(YOUR GOAL) Output only the entries, exactly as given, without the pictures.

(INFORMATION)
-*-*-

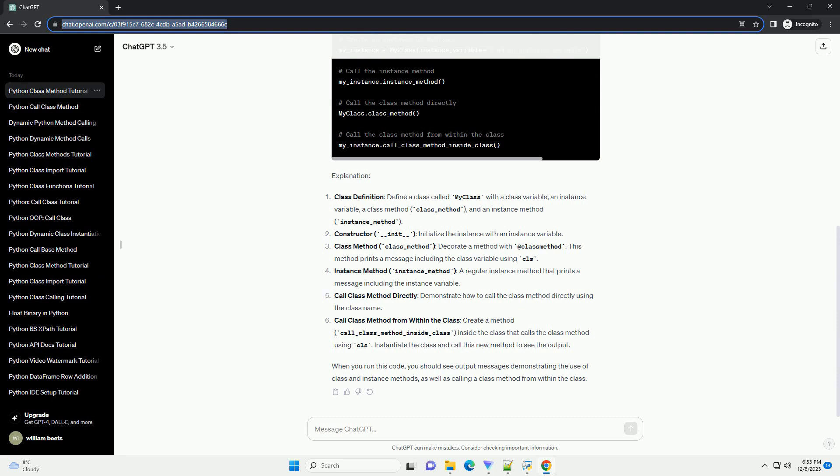Constructor: __init__ initializes the instance with an instance variable. Class method: class_method decorated with @classmethod. This method prints a message including the class variable using CLS.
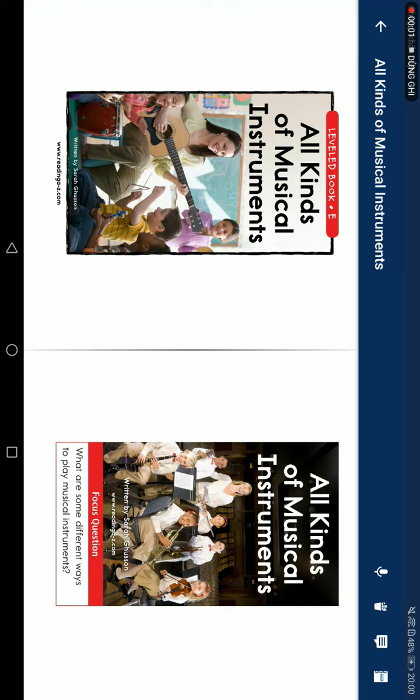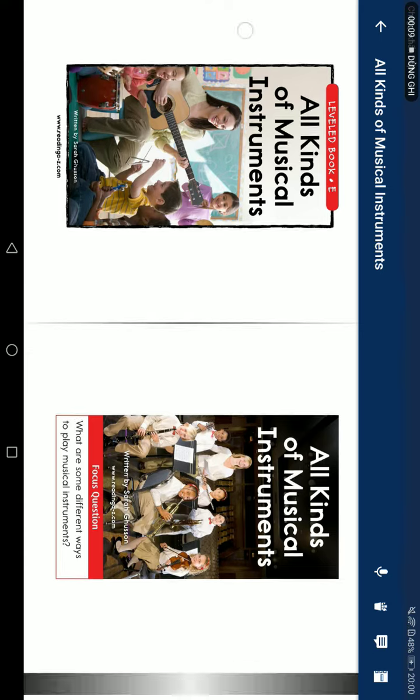All kinds of musical instruments, written by Sarah Goulson. Four quick questions: what are some different ways to play musical instruments?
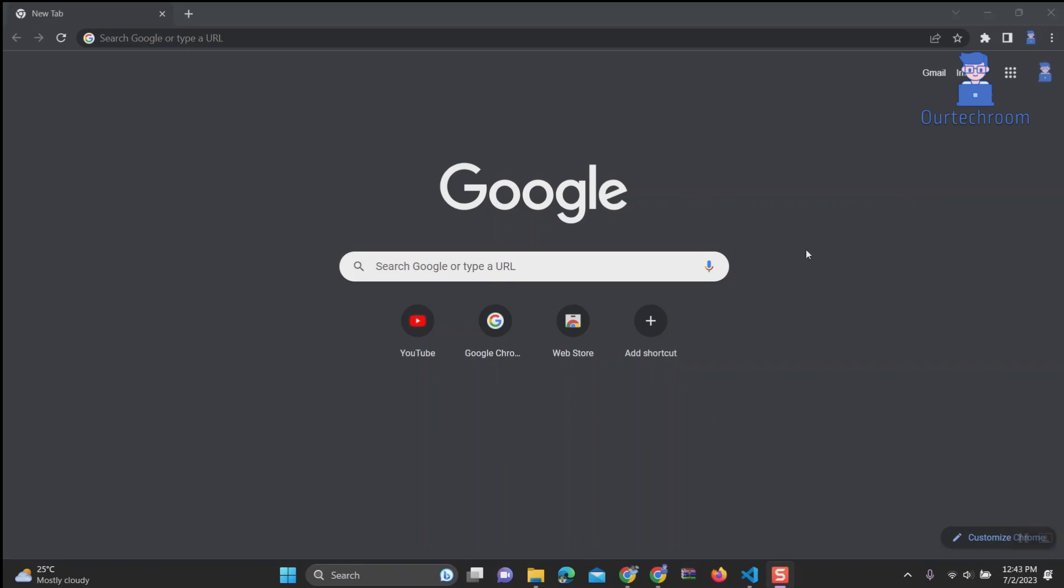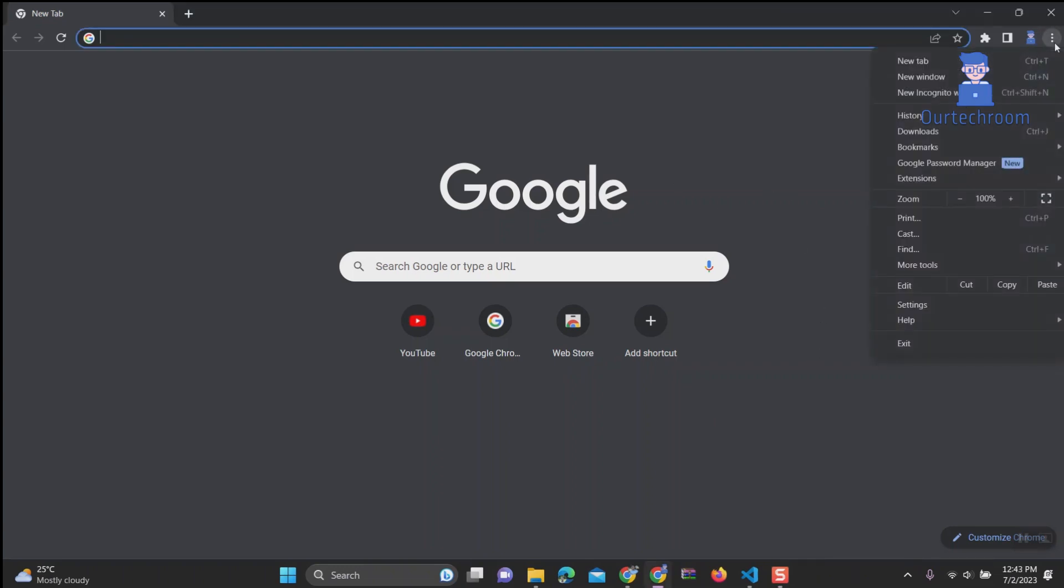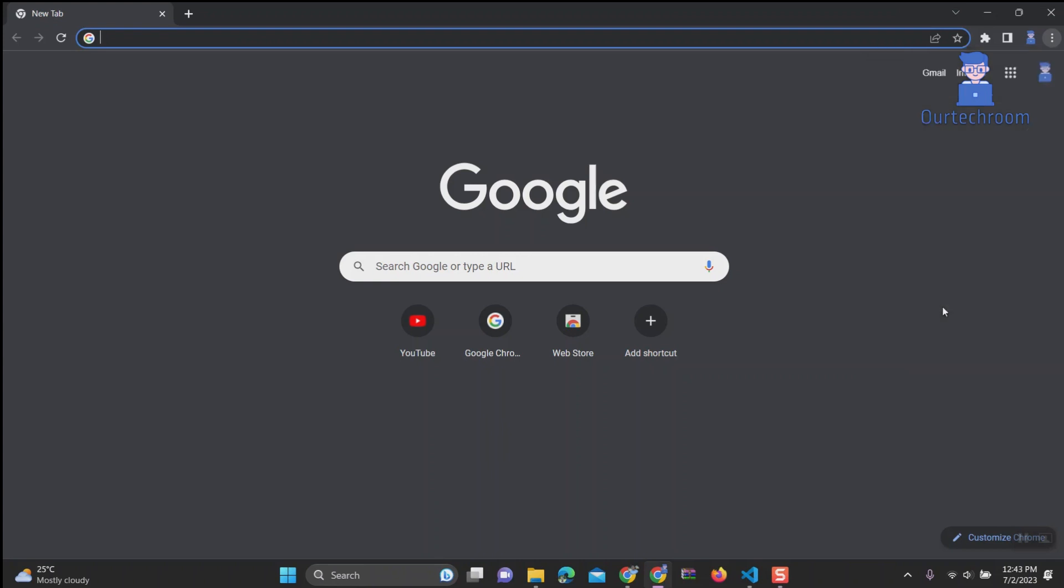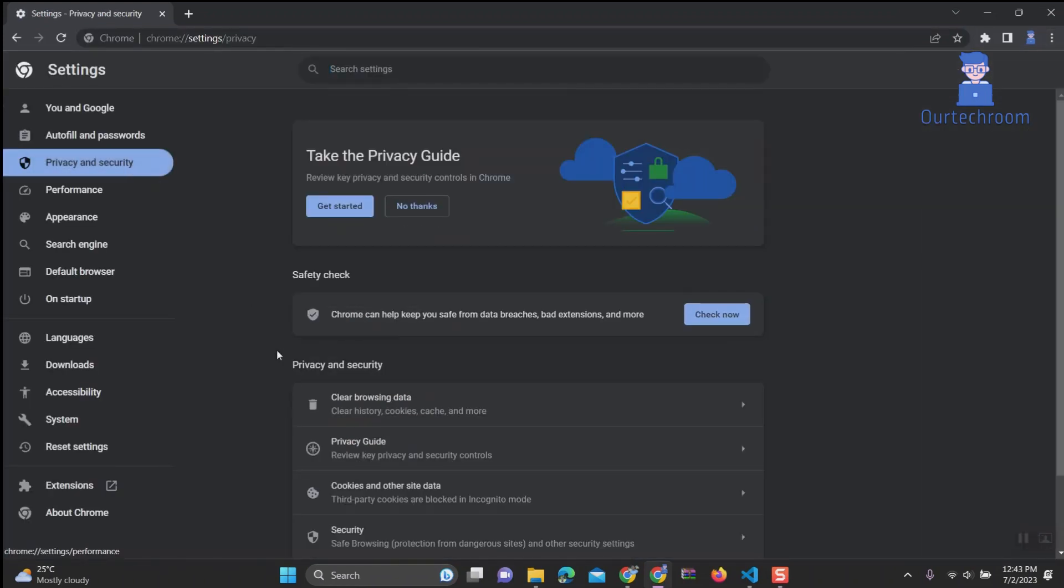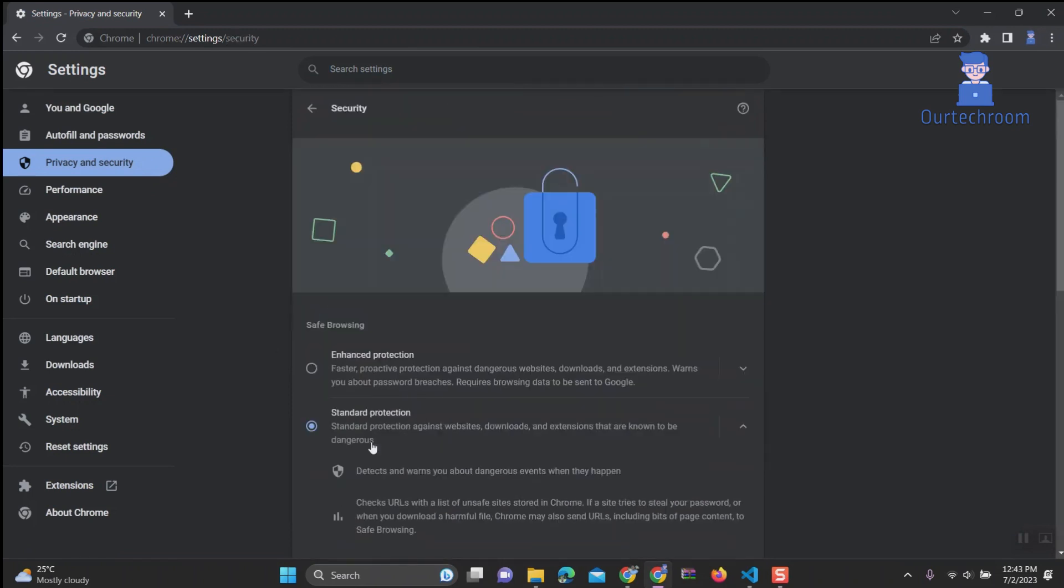Open Chrome and click on the three dots in the top right corner of the window. Select Settings. Select Privacy and Security. Click on Security. In the Safe Browsing section, select Enhanced Protection.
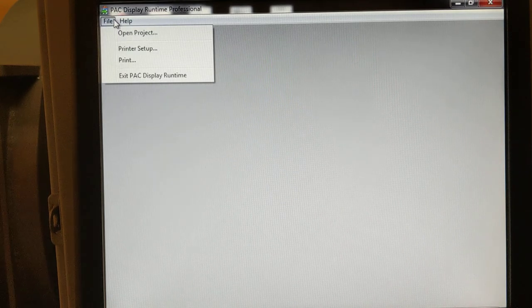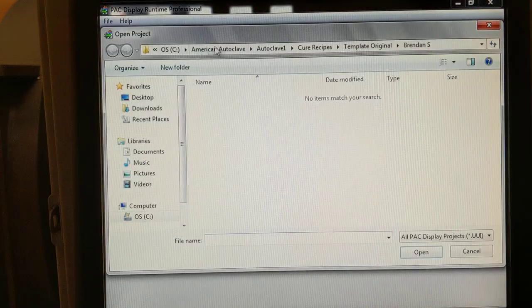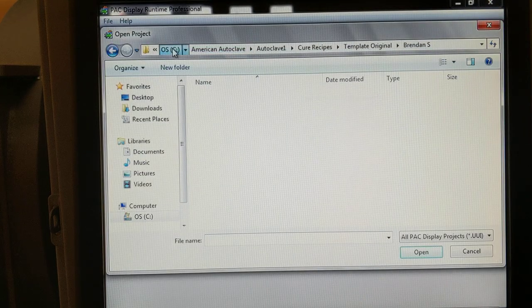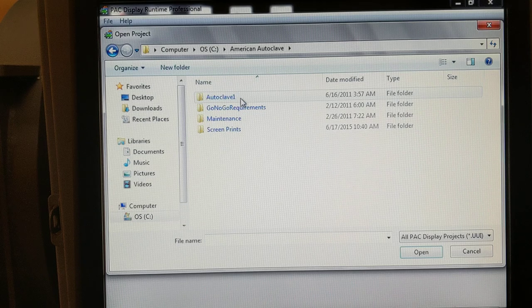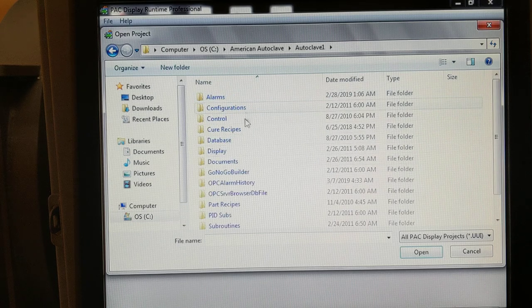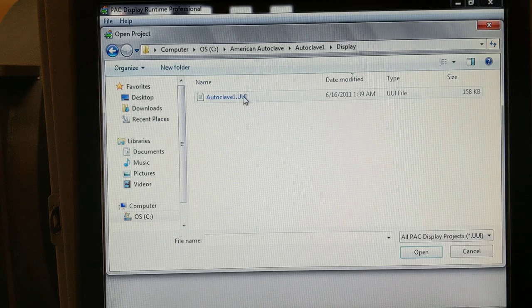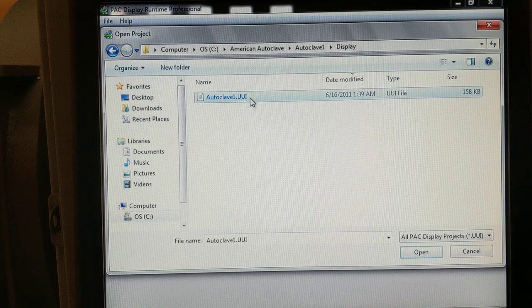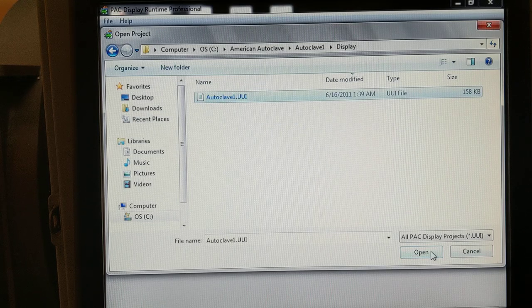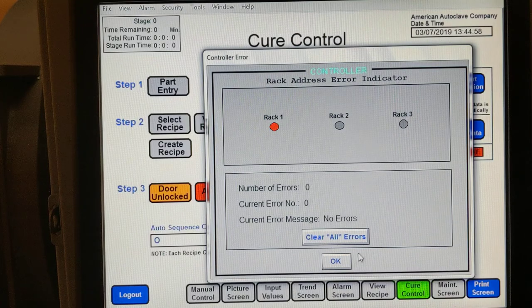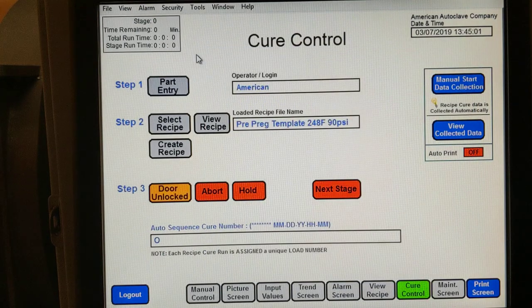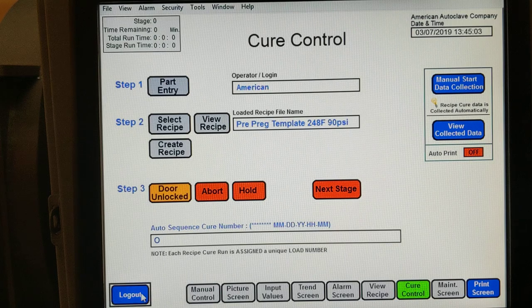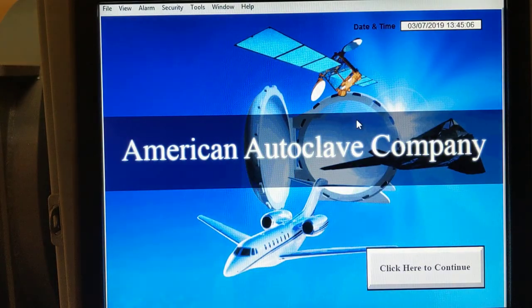To fix this, we need to go to File, Open Project, then navigate to C, American Autoclave, Autoclave1, display, and autoclave1.uui. When you do that and press open, it will restore the software to the way it should be. And that's it.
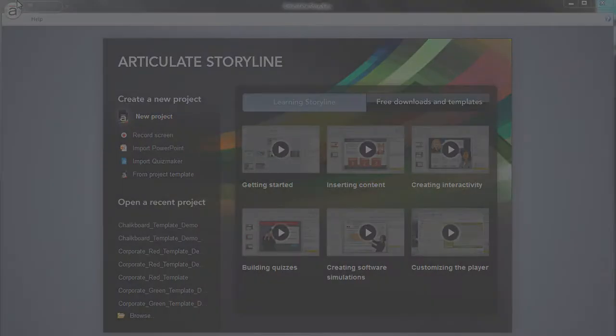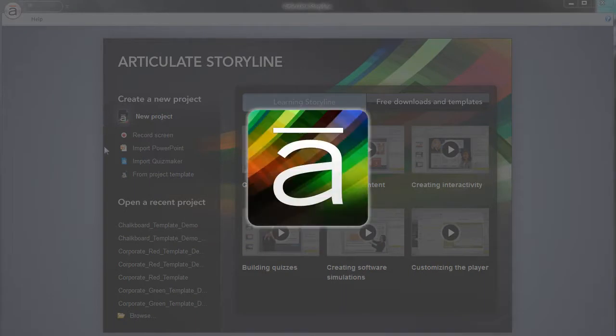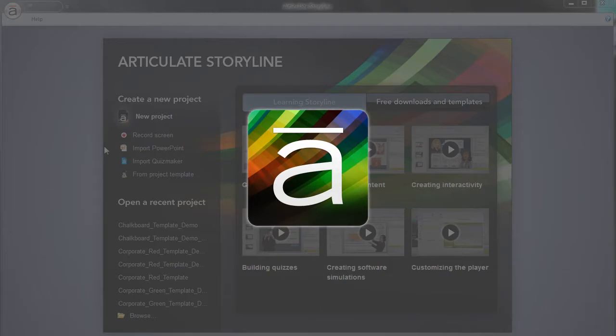Welcome. In this tutorial, you will learn how easy it is to use your new Articulate Storyline template. Ready? Let's begin now.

-*-*-

(OUTPUT)
Constructor: __init__ initializes the instance with an instance variable. Class method: class_method decorated with @classmethod. This method prints a message including the class variable using CLS.
All kinds of musical instruments, written by Sarah Goulson. Four quick questions: what are some different ways to play musical instruments?
Open Chrome and click on the three dots in the top right corner of the window. Select Settings. Select Privacy and Security. Click on Security. In the Safe Browsing section, select Enhanced Protection.
To fix this, we need to go to File, Open Project, then navigate to C, American Autoclave, Autoclave1, display, and autoclave1.uui. When you do that and press open, it will restore the software to the way it should be. And that's it.
Welcome. In this tutorial, you will learn how easy it is to use your new Articulate Storyline template. Ready? Let's begin now.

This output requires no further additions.